→ **EXERCISE DESCRIPTION**
In the entries below, begin at the line that has "Rankinis didintuvas Carson", stop after the line that has "Luka Dončić Wallpaper", and output those lines exactly with no pictures.

[PROVIDED RECORDS]

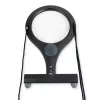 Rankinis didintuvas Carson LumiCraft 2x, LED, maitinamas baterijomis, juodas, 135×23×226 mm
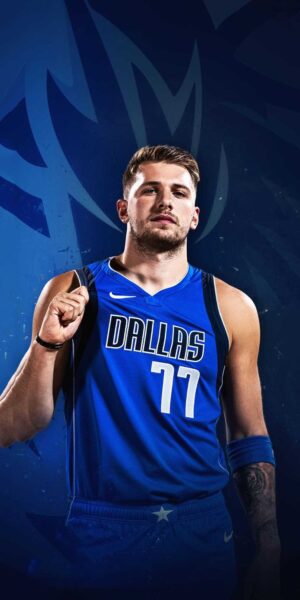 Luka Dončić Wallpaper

[/PROVIDED RECORDS]
[PROVIDED RECORDS]

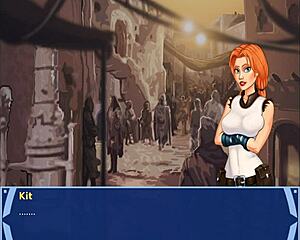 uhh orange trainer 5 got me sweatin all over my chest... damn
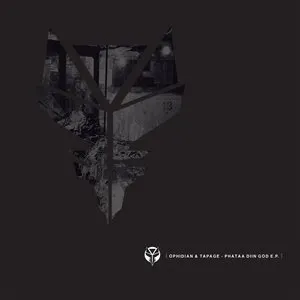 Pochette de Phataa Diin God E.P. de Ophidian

[/PROVIDED RECORDS]

→ **YOUR RESPONSE**
 Rankinis didintuvas Carson LumiCraft 2x, LED, maitinamas baterijomis, juodas, 135×23×226 mm
 Luka Dončić Wallpaper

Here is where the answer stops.